• [Assignment]:
How many lines in the records below hold the string "this"? Answer with the number alone.

Caption-style text data
########################################

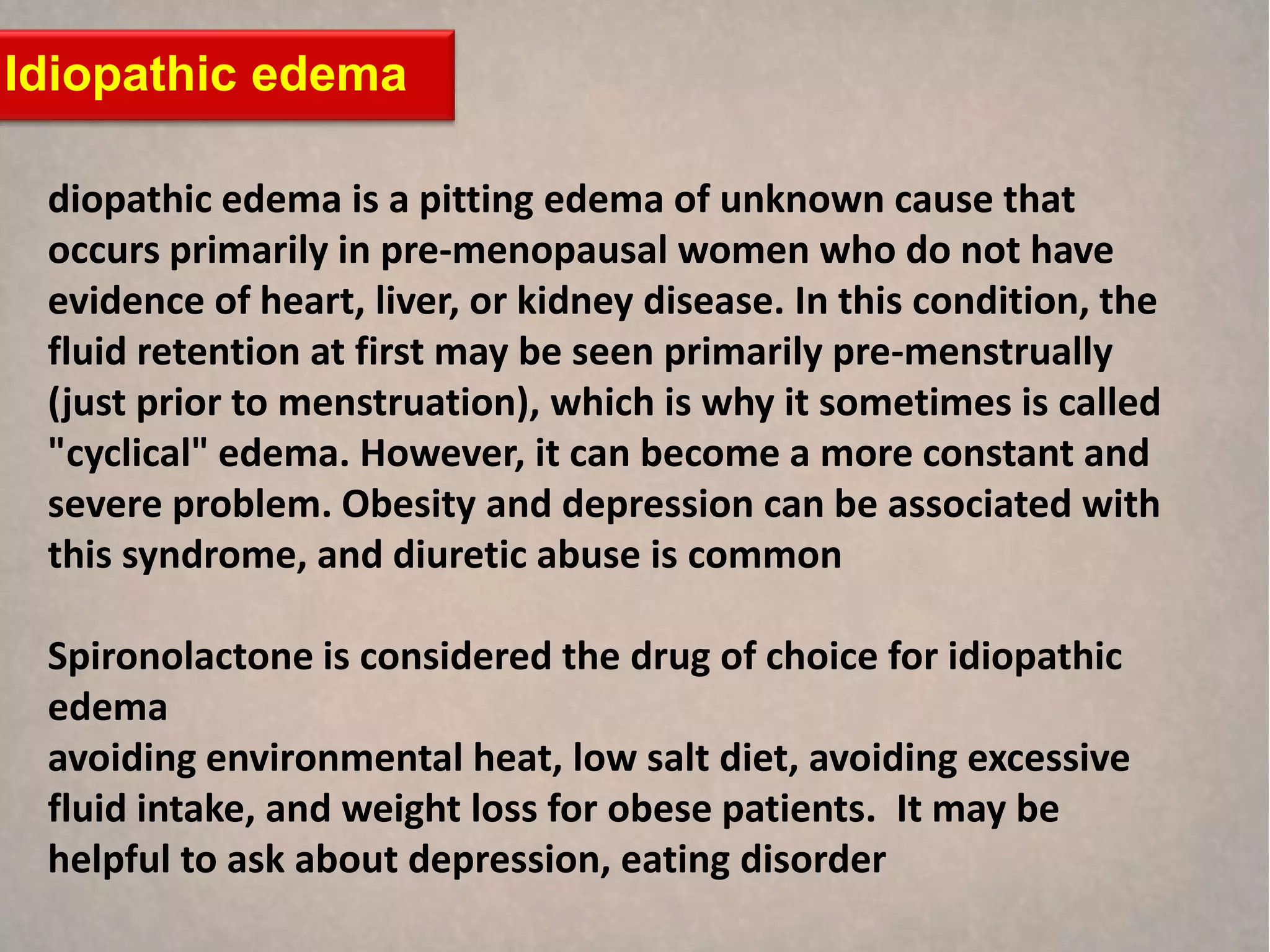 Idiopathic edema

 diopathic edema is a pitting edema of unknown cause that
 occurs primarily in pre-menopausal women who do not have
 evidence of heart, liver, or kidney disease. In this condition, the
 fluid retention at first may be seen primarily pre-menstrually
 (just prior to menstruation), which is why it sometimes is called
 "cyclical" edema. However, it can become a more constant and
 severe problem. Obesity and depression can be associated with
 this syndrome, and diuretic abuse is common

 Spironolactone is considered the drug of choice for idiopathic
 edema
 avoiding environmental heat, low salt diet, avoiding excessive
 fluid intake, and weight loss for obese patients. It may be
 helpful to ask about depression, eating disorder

########################################

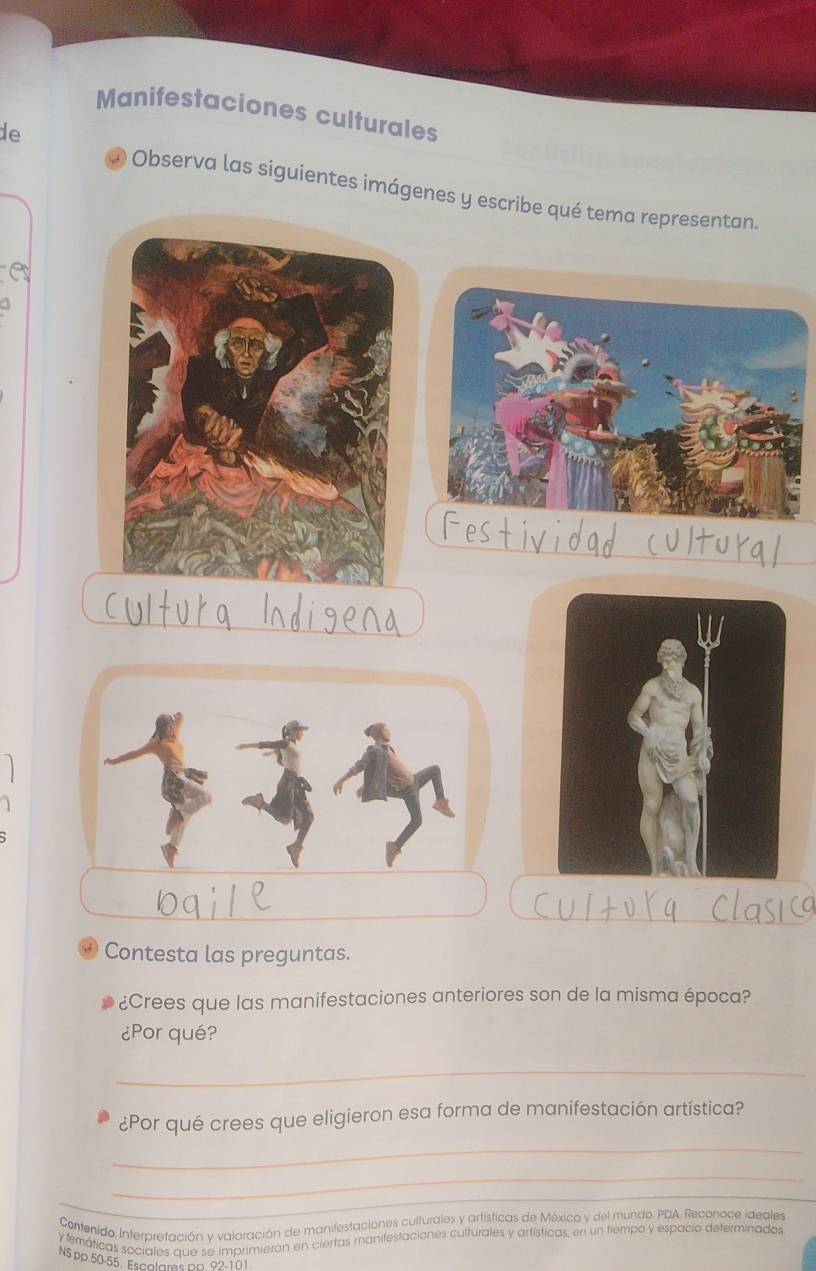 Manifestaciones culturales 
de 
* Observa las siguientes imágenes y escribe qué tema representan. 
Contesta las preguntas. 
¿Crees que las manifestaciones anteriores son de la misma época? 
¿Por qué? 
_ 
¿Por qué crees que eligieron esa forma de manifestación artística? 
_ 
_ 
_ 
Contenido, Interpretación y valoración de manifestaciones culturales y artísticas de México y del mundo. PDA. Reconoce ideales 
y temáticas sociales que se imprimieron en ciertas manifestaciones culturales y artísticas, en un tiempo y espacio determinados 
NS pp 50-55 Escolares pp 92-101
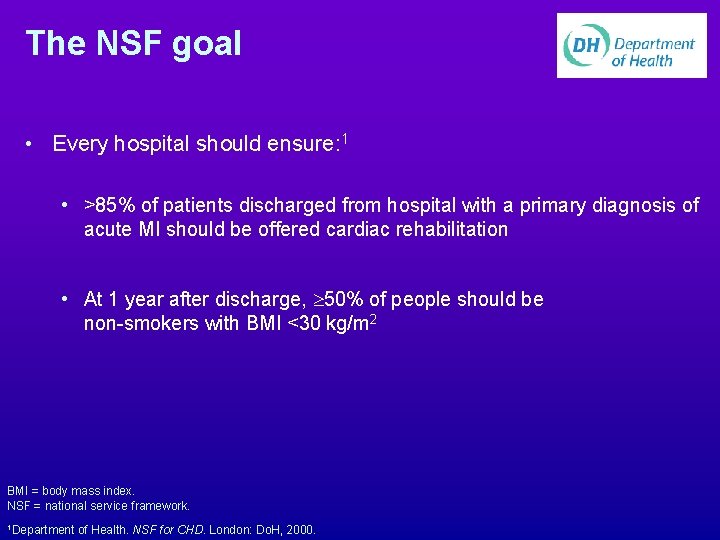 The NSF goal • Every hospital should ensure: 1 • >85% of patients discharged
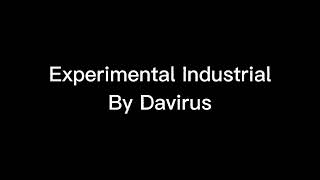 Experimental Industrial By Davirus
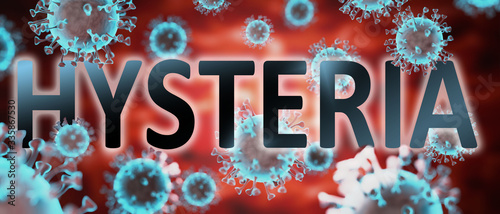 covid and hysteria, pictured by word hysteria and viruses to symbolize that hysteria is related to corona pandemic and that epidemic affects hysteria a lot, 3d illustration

########################################

• [Exercise response]:
2